In a recent set of studies, Carmen Reinhart and Kenneth Rogoff used a vast array of historical data to show that the accumulation of high levels of public (and private) debt relative to GDP has an extended negative effect on growth. The size of the effect incited debate about errors in their calculations. Few, however, doubt the validity of the pattern.
This should not be surprising. Accumulating excessive debt usually entails moving some part of domestic aggregate demand forward in time, so the exit from that debt must include more savings and diminished demand. The negative shock adversely impacts the non-tradable sector, which is large (roughly two-thirds of an advanced economy) and wholly dependent on domestic demand. As a result, growth and employment rates fall during the deleveraging period.
In an open economy, deleveraging does not necessarily impair the tradable sector so thoroughly. But, even in such an economy, years of debt-fueled domestic demand may produce a loss of competitiveness and structural distortions. And the crises that often divide the leveraging and deleveraging phases cause additional balance-sheet damage and prolong the healing process.
Thanks in part to research by Reinhart and Rogoff, we know that excessive leverage is unsustainable, and that restoring balance takes time. As a result, questions and doubts remain about an eventual return to the pre-crisis trend line for GDP, and especially for employment.
What this line of research explicitly does not tell us is that deleveraging will restore growth by itself. No one believes that fiscal balance is the whole growth model anywhere.
Consider southern Europe. From the standpoint of growth and employment, public and private debt masked an absence of productivity growth, declining competitiveness in the tradable sector, and a range of underlying structural shortcomings - including labor-market rigidities, deficiencies in education, and underinvestment in infrastructure.
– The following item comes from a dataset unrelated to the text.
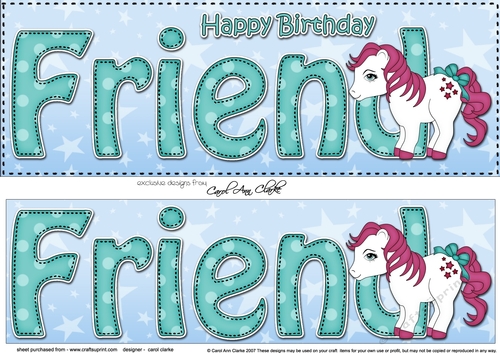 Large DL Happy Birthday FRIEND 3D decoupage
Debt drove growth, creating aggregate demand that would not have existed otherwise. The same is true of the US and Japan, though the details differ.
Government is not the sole actor in this. When the deleveraging cycle begins, the private sector starts to adjust structurally - a pattern clearly seen in the data on growth in the tradable side of the US economy. Muted wage growth increases competitiveness, and underutilized labor and capital are redeployed.
How fast this happens partly depends on the private sector's flexibility and dynamism. But it also depends on the ability and willingness of government to provide a bridging function for the deficiency in aggregate demand, and to pursue reforms and investments that boost long-term growth prospects.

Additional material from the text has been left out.